Stored items

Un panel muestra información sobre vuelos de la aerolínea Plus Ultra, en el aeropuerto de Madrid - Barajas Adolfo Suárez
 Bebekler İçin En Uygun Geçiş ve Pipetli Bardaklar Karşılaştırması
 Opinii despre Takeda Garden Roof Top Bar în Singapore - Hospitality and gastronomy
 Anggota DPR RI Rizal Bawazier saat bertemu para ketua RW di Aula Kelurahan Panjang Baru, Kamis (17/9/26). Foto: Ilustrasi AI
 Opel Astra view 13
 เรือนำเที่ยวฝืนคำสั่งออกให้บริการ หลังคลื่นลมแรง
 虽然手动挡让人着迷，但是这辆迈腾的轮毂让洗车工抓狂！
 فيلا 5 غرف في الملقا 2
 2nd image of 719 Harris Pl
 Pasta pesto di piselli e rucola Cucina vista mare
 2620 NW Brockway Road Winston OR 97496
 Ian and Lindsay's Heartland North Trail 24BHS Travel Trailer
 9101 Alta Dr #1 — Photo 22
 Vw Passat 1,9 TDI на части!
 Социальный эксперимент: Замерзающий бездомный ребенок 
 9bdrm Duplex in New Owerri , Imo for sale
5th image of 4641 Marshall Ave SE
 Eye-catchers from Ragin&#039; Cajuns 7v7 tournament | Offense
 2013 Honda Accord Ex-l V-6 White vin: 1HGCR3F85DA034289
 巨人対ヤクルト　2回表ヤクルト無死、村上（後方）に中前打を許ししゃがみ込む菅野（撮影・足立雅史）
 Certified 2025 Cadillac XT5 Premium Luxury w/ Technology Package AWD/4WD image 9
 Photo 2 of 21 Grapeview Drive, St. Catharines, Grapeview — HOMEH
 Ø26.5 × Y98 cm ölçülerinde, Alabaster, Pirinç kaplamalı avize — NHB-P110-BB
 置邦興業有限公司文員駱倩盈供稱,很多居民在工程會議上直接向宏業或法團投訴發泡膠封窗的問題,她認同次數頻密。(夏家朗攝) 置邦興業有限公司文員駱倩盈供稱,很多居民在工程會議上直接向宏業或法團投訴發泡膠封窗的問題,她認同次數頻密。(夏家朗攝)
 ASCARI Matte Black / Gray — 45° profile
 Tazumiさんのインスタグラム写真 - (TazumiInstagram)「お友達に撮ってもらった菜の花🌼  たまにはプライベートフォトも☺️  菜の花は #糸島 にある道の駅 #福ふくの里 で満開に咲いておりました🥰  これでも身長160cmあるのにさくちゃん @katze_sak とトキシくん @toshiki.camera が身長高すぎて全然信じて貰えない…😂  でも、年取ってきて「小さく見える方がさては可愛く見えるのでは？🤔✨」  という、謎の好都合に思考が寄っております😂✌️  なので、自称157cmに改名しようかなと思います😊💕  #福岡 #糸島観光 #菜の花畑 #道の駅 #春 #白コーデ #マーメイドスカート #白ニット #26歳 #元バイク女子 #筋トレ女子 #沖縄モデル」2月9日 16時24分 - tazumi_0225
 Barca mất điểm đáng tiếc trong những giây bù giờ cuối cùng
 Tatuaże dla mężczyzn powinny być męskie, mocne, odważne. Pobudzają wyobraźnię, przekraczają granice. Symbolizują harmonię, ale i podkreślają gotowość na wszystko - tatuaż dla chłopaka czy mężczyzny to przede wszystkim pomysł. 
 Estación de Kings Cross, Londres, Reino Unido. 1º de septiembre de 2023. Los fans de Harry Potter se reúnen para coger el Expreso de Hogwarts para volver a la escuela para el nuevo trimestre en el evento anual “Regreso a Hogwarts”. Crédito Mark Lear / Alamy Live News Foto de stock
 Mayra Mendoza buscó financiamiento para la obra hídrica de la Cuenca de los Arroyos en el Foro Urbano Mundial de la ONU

Task goal:
Which of the lines above carry the string "para"? Copy every one.

Response to the exercise:
 Anggota DPR RI Rizal Bawazier saat bertemu para ketua RW di Aula Kelurahan Panjang Baru, Kamis (17/9/26). Foto: Ilustrasi AI
 Estación de Kings Cross, Londres, Reino Unido. 1º de septiembre de 2023. Los fans de Harry Potter se reúnen para coger el Expreso de Hogwarts para volver a la escuela para el nuevo trimestre en el evento anual “Regreso a Hogwarts”. Crédito Mark Lear / Alamy Live News Foto de stock
 Mayra Mendoza buscó financiamiento para la obra hídrica de la Cuenca de los Arroyos en el Foro Urbano Mundial de la ONU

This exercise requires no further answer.